A comparison of multithreading, vectorization, and GPU computing for the acceleration of cardiac electrophysiology models

Chiheb Sakka¹, Amina Guermouche², Olivier Aumage², Emmanuelle Saillard², Mark Potse³, Yves Coudière³, Denis Barthou²
¹National Institute for Research in Digital Science and Technology, ²Inria Bordeaux Sud-Ouest, ³Université de Bordeaux

Abstract

Introduction: Realistic simulation of cardiac electrophysiology requires both high resolution and computationally expensive models of membrane dynamics. Optimization of membrane models can therefore have a large impact on time, hardware, and energy usage. We tested both CPU-based and GPU-based optimization techniques for a human heart model with Ten Tusscher-Panfilov 2006 dynamics.

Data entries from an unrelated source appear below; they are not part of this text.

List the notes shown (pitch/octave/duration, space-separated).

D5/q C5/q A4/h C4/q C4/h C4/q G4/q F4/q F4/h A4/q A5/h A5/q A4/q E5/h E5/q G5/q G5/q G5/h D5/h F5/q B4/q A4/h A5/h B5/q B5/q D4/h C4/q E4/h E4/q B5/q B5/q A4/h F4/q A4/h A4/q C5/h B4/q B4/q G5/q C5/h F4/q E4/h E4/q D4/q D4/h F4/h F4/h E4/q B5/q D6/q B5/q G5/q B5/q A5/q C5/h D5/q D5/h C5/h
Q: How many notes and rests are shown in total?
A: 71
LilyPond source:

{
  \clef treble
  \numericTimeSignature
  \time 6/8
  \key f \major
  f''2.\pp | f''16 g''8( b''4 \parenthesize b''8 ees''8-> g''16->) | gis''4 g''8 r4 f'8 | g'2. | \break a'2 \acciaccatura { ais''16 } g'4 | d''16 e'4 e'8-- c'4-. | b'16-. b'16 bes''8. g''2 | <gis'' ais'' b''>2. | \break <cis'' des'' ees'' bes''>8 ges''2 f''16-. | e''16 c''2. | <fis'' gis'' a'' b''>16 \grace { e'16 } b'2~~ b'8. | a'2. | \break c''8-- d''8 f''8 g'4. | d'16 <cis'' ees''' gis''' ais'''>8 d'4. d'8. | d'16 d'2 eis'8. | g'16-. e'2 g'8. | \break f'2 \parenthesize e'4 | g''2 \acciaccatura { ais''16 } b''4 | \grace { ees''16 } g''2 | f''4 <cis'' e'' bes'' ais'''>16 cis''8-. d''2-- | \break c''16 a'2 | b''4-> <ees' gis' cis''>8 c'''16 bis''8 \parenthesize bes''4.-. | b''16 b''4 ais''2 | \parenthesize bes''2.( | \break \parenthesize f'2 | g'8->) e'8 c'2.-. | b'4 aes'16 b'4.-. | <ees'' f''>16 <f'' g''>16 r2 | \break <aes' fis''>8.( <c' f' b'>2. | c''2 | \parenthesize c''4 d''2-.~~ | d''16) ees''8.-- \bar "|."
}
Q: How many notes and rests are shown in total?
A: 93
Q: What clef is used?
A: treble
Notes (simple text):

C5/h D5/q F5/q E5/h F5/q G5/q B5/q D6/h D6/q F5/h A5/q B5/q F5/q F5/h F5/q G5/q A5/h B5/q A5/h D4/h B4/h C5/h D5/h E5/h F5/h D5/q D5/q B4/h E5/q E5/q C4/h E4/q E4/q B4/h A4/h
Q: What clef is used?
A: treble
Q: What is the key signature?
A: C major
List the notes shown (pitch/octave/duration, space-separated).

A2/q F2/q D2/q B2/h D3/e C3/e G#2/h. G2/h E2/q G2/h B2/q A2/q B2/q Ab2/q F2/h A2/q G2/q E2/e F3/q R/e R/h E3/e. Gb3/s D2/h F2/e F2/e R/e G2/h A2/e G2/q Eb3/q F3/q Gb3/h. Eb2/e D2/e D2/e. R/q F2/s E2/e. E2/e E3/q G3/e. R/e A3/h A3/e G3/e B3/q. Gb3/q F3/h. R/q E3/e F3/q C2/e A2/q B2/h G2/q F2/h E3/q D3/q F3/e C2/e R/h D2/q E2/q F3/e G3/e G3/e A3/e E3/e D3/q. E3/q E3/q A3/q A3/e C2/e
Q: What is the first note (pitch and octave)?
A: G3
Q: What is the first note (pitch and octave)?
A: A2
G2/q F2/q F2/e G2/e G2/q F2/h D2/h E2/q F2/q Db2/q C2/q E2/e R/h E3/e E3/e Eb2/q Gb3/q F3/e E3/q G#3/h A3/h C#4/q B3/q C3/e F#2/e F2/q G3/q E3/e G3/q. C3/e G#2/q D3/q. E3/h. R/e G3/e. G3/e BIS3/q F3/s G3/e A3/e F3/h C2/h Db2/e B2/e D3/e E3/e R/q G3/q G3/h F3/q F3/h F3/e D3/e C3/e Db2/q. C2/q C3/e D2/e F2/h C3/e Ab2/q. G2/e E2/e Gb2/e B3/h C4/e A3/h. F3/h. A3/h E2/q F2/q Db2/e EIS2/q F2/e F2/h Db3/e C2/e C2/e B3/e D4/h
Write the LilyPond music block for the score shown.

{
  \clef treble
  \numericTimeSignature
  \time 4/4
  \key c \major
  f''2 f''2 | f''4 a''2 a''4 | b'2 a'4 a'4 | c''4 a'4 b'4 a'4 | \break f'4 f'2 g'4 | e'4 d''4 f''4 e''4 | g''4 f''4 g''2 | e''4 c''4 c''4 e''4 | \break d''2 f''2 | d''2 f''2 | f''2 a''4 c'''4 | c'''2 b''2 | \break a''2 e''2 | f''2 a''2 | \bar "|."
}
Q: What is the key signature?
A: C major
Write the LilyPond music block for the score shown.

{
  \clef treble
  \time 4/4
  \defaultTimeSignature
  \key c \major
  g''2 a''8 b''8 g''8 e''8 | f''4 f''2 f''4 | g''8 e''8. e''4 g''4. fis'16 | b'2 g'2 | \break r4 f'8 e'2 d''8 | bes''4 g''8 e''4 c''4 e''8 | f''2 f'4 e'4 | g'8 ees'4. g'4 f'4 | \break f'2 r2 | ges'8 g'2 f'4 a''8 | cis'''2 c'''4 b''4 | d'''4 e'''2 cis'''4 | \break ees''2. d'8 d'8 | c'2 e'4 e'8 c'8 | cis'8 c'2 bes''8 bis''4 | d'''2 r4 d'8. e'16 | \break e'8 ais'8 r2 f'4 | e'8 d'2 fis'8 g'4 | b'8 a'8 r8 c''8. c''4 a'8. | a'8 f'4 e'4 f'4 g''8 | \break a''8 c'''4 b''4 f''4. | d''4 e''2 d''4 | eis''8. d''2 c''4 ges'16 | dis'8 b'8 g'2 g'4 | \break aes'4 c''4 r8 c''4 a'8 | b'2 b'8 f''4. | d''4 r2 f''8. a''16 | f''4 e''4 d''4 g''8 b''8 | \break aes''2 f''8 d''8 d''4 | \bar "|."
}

Methods: Our baseline code was parallelized with MPI and OpenMP. Optimization for CPUs with single-instruction multiple-data (SIMD) capabilities was performed using MIPP library functions and an adapted storage order for the membrane status variables. Optimization for GPUs was achieved using multiple CUDA streams to overlap computation time with memory transfers. Only the membrane model was optimized. Comparisons were made on a monodomain model of the human ventricles with 0.1-mm resolution and 80 million model nodes, four Intel CPUs (either Xeon E5-2683 v4 "Broadwell" or Xeon Gold 6240 "Cascade Lake"), and two NVIDIA Tesla P100 GPUs.

Results: Compared to a multithreaded code running on 64 CPU cores, the P100 GPU ran the membrane model about 3 times faster (1.5 times faster for the whole code). GPU performance was bounded by the data transfer rate between GPU and main memory. Effective use of the CPU's SIMD capabilities allowed a similar performance gain. Optimal SIMD use required explicit vectorization and an adapted data structure. The 512-bit AVX512 instruction set did not perform faster than the 256-bit AVX2 instruction set.

Discussion: In our test case both the use of a GPU and effective SIMD usage were 3 times faster than a naive multithreaded code. We conclude that on mixed CPU-GPU systems the best results could be obtained by optimizing both CPU and GPU code while using a runtime system that balances CPU and GPU load empirically.